The players who came to prominence in the third revolutions--mobile-first companies like Lyft, Uber, and Airbnb--were floated into dominance by massive subsidies of investment cash, and it's still tough to figure out whether they've made much of a return on it. Uber, for example, has apparently never had a profitable year. It's certainly tough to find a major player in the mobile-focused market which has found any kind of consistent financial success without relying on a bunch of outside investment backing.

This, maybe, suggests a broad observation about how each revolution has been the beneficiary of more investment and support from outside--the winners cleaned up so hard in the first two that our collective economy has a big interest in finding and backing winners in the upcoming shifts. Certainly the investment capital poured into third-revolution companies for a while, hoping to back winners who'd be able to pay off like Microsoft or Amazon paid off their early investors. But the ratio may have shifted--it's perhaps too early to say for sure, but mostly what this investment capital seems to have accomplished is, for example, letting a bunch of people in big cities take subsidized car rides at below market value while the rideshare behemoths battled it out for user share, marching onward in the blind faith that when market share is achieved, profits will surely follow.

So where's the fourth revolution, then? Lots of people are waiting eagerly. It's not like we haven't seen promising candidates -- cryptocurrencies, the "Internet of Things", the "metaverse", "AI". All sorts of money and effort has poured into these various boondoggles. What it all comes down to is that people are trying to spot upcoming revolutions by pattern matching, and get in ahead of the curve so they can make a bunch of money without having to work too hard for it.

It's been long enough though -- we should maybe prepare to consider the possibility that there won't be a fourth. Certainly none of the last few promising candidates have managed to make it out of the hype cycle, despite being showered in investment money and engineering effort from tech companies big and small.

What do we do if there's not a fourth revolution? This would require us to admit that computers and networking technology have stabilized and matured, much like many previous waves of technology have. With that in mind, we should expect that any further advances will be incremental and gradual, not revolutionary, and that shifts within the industry will happen at a slower speed. Obviously certain forms of technology can and will continue to improve, but others may not, and some of the improvements may look like the infinitesimal progress of an asymptotic equation getting close to its limit, instead of the high-speed progress of one just starting out.

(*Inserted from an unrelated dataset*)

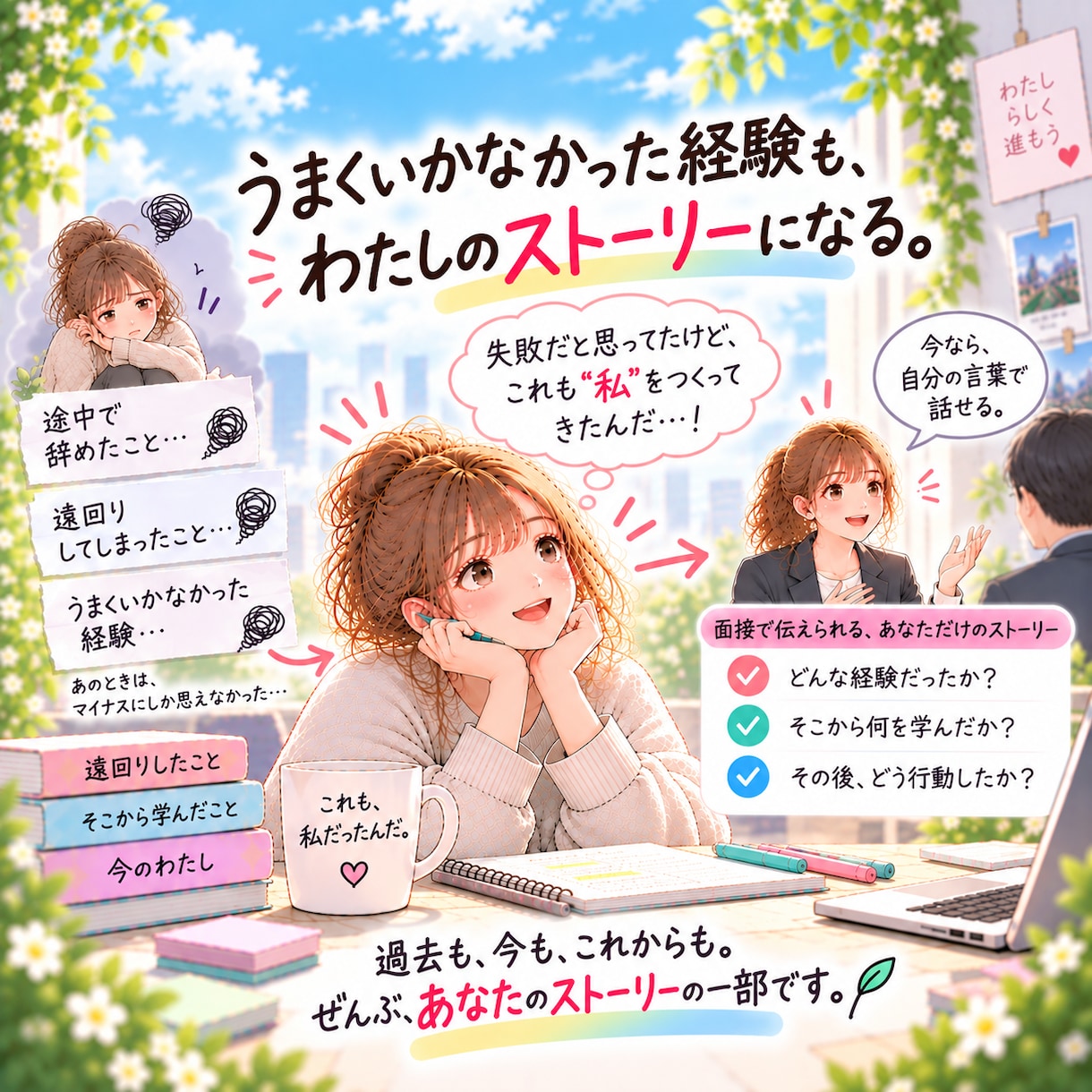 ESが書けない状態から自己PR・志望動機を考えます 「何を書けばいい？」から大丈夫。一緒に強み・経験を見つけます イメージ8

This should also cause us to reconsider some even more basic assumptions. For the last few centuries, belief in scientific and technical progress has been an article of faith across much of humanity -- the idea that every day, we humans are adding ever more knowledge to our supply, and improving our tools and societies and collective well-being while doing so. And for a while, this faith seemed so obvious as to be unquestionable -- for example, it took 66 years from the first powered flight to put the first humans on the moon. But it has also been 51 years since the last humans set foot on the moon! Technologies mature, they stabilize, and sometimes they are even lost, usually when the society which created and maintains them loses the resource base or stability to keep them working. Whether and where we may be in such a cycle is a topic beyond the scope of this post, but I hope to examine it in more depth in the future.